Agreements with other systematic reviews
Our metaanalysis does not confirm the conclusion of a qualitative systematic review of the German FM guideline group that CBT are superior to controls in most key domains of FM at the end of therapy and at followup14. Our results are partially in agreement with a recent Cochrane Review on CBT and behavioral therapies in chronic pain syndromes, which found that both were effective in altering mood outcomes at the end of treatment. In contrast, we previously could not find a weak effect on pain in patients with FM15. Therefore the high grade of recommendation given to CBT in the American and German guidelines on FM10,11 needs to be reconsidered.
Agreement with excluded studies
The lack of efficacy of CBT on most key symptoms of FM is mainly confirmed by the studies we excluded. One RCT found no differences between CBT and treatment as usual on pain32. One RCT with the Internet-based arthritis self-management program found it was not superior to usual care on pain, fatigue, and disability at the 1-year followup26. One controlled study found CBT was superior to waiting list on pain, fatigue, and HRQOL, but not on sleep25. Another controlled study found no differences between CBT and nontreated patients on sleep and depressed mood at posttreatment24. One CBT study37 reported the effects on healthcare use at followup in a second publication32; CBT was not superior to education alone. We excluded this study from our metaanalysis because no specific interventions for healthcare use were delivered and pain behavior was not expected to be affected by the program37.
Agreement with other studies on psychological therapies in FM
An increase in self-efficacy pain predicted the reduction of pain intensity and disability at followup by multicomponent therapy including CBT56. In contrast, the large effect size of CBT on self-efficacy pain in this metaanalysis was in contrast to the lack of effects of CBT on pain and HRQOL measures (which included items of disability).

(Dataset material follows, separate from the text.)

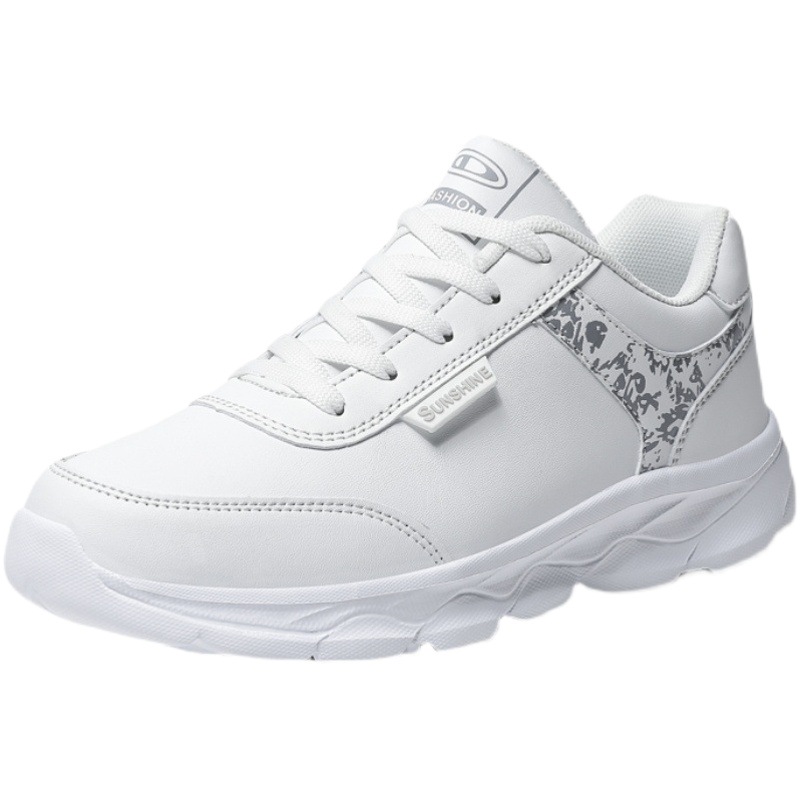 Cross-border women's shoes leather waterproof sneaker lightweight soft bottom casual running shoes student White shoes women's shoes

Implications for clinical practice
CBT cannot be recommended for therapy of the key symptoms of FM, namely pain, fatigue, sleep disturbances, and HRQOL. The lower rate of side effects and dropouts in the studies of CBT compared to antidepressants53 can be a major argument for CBT as a treatment option for depressive symptoms. Operant behavioral therapy can be considered to reduce healthcare-seeking behavior of patients with FM.
Implications for research
The methodological quality of further studies could be improved by consideration of the following issues. The use of a core set of outcome measures including response rates would improve the internal validity of a metaanalysis52. Recommendations on the quality of the treatment delivered, study design, and statistical methods should be followed19. Potential side effects, such as worsening of symptoms or increase of interpersonal conflicts, should be documented to allow indirect comparisons of the safety of CBT versus pharmacological therapies. More studies with adolescents and separate studies or subgroup analyses of male patients are needed to clarify the effects of CBT in these patients. Predictors of positive treatment outcomes, e.g., improved self-efficacy pain, should be investigated. Further studies are required to determine if CBT tailored to subgroups of patients with FM (e.g., with and without affective disorder) will improve the key symptoms of FM.
- Accepted for publication May 26, 2010.